Even before sociologists and demographers focused so much attention on splitting up society into specific generations, the older and the younger among us had our differences.
After all, people want to feel appreciated. And who would know better than those who have been around longer? It’s only natural that the older we get, the more we feel we deserve, and the most distanced we feel from younger people around us who haven’t been through any of the things we’ve been through. Have they even really lived yet? Or have they been freeloading off of all the work their parents, grandparents, and other people have done for them?
From the reverse point of view, things aren’t much different. Young people want to be respected, even if we haven’t had the opportunity to flex our muscles yet and show our worth via all the things we have to offer society. Couple that with the West’s unfortunate trend of “othering” the elderly and you start to see a rift between youthful upstarts and those who feel entitled to reap the benefits of what they believe they alone have worked for and earned.
Far too often, we’ve seen this division come to a head.
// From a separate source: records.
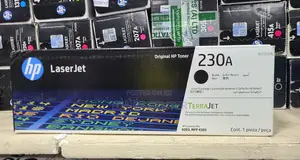 Authentic HP 230A Black LaserJet Cartridge (W2300A)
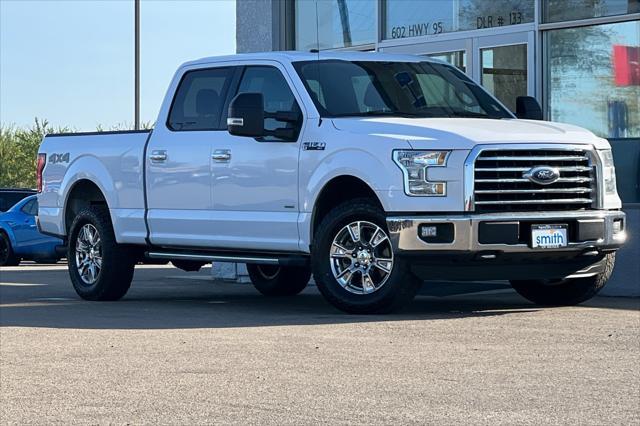 used 2016 Ford F-150 car, priced at $19,498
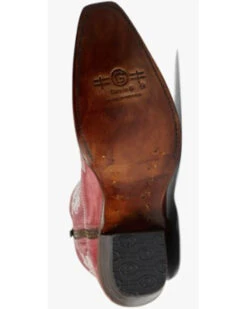 Corral Women's Flowered Embroidery Ankle Western Booties - Snip Toe -Bootmith and Co. Store 2000371810 920 P5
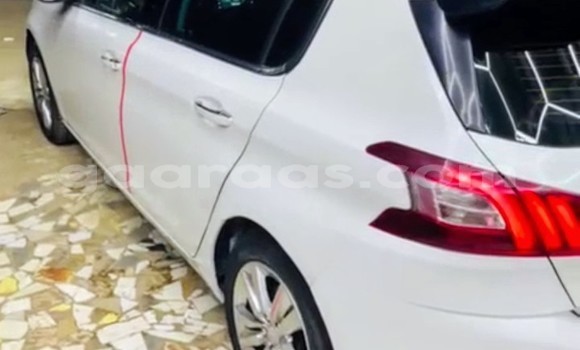 Acheter Occasion Voiture Peugeot 308 Blanc à Dakar, Dakar Acheter Occasion Voiture Peugeot 308 Blanc à Dakar, Dakar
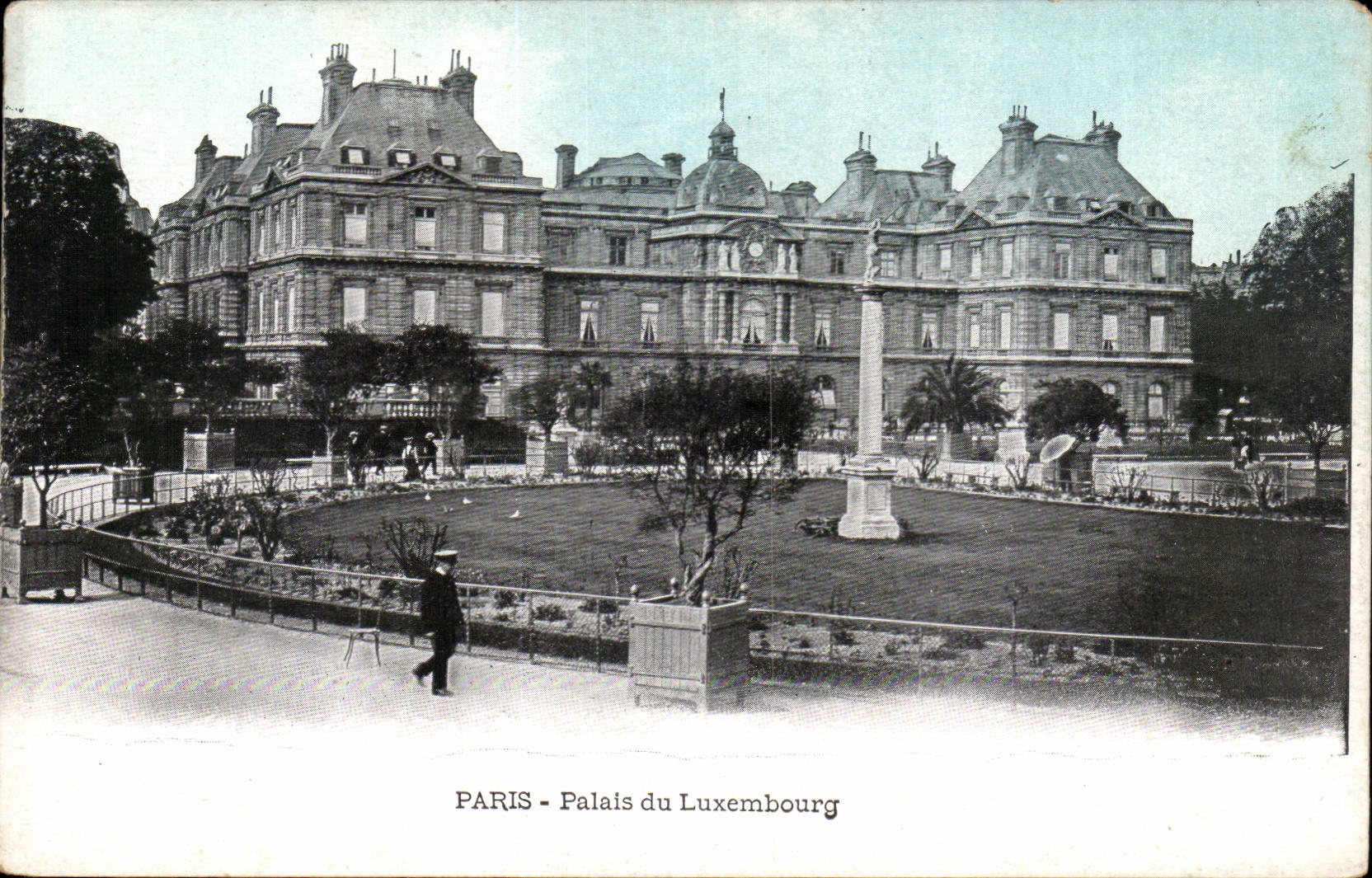 Paris - 6 - Le Palais du Luxembourg - CPA 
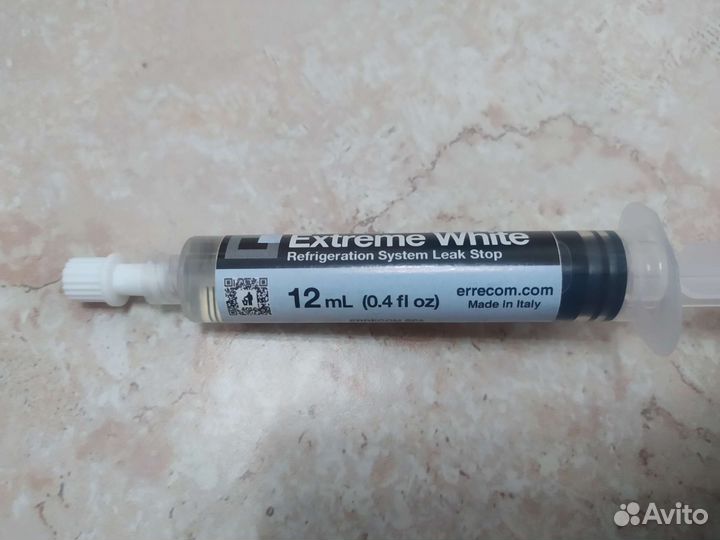 Герметик Extreme White для холодильника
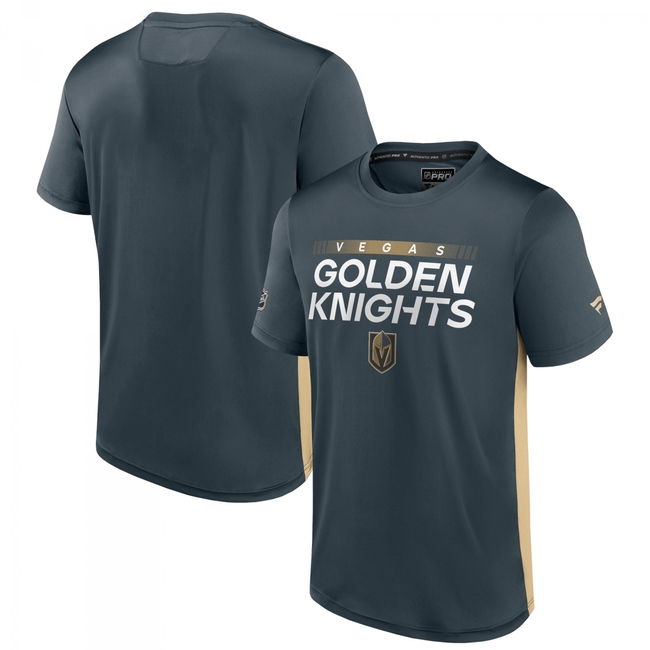 Men's sport t-shirt VEG RINK SS Tech Tee Vegas Golden Knights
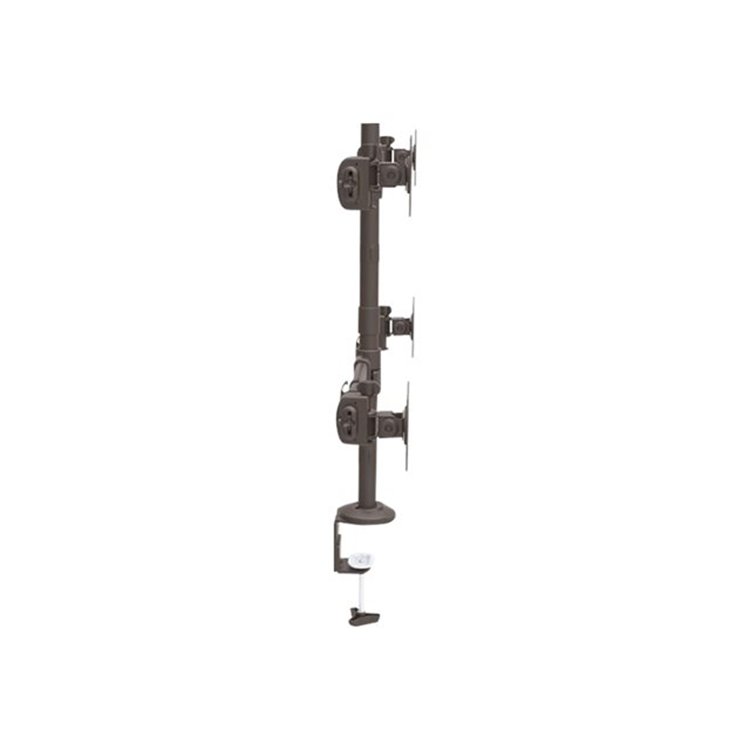 Desk Mount Quad Monitor Arm - Steel Desk Mount Quad Monitor Arm - Steel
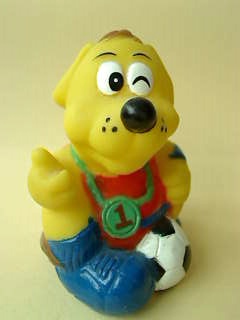 sk-r-406b_rubber_animal_dog_pencil_sharpener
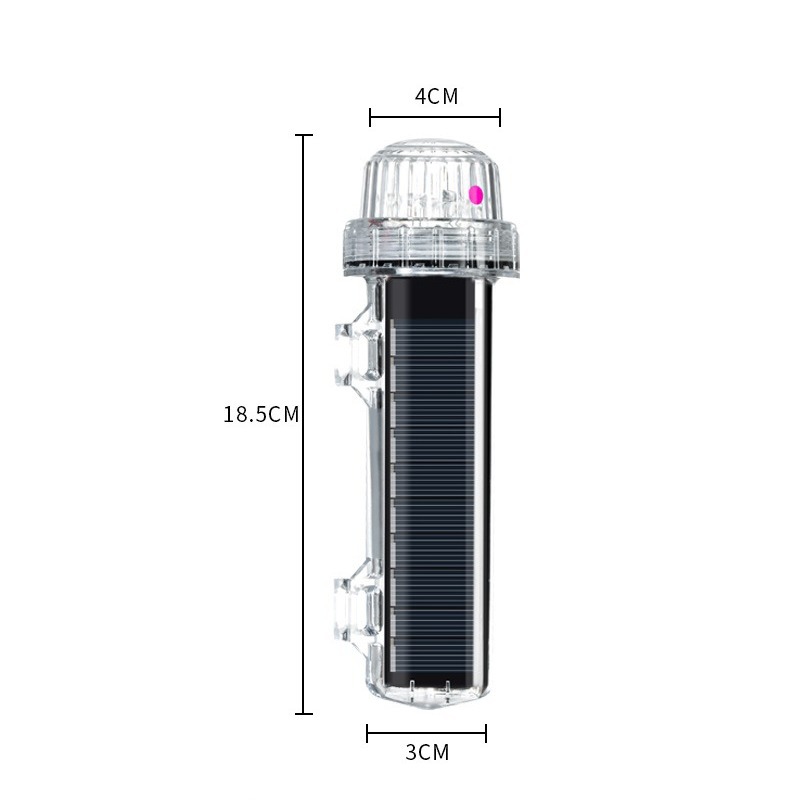 [No flash] Solar boat signal l - Fishing Boat Navigation Light review and price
It’s easy to feel that people who appear to be different than you will never understand what you are going through presently or what you have gone through in the past. This is, sadly, our human nature: to define ourselves by our differences, by what makes us unique, rather than look for the common traits that bring us together.
Over the course of the 20th century, these perceived differences have split us apart even further. Perhaps it all began with the Great War, when sociologists and intellectuals alike began studying and commenting on the contrasts between the world’s young and old. “You are all a lost generation,” Hemingway credits his mentor Gertrude Stein as having said. Of course these wandering souls were followed by the so-called “Greatest Generation,” those who eagerly (in hindsight) gave up their lives of normalcy to fight for a bigger cause. This concept cemented the idea that these people had lived through and overcome much more than their descendants could hope to, an idea iterated time and again by the Baby Boomers to the children and young adults of today. But now, they’ve had enough of it.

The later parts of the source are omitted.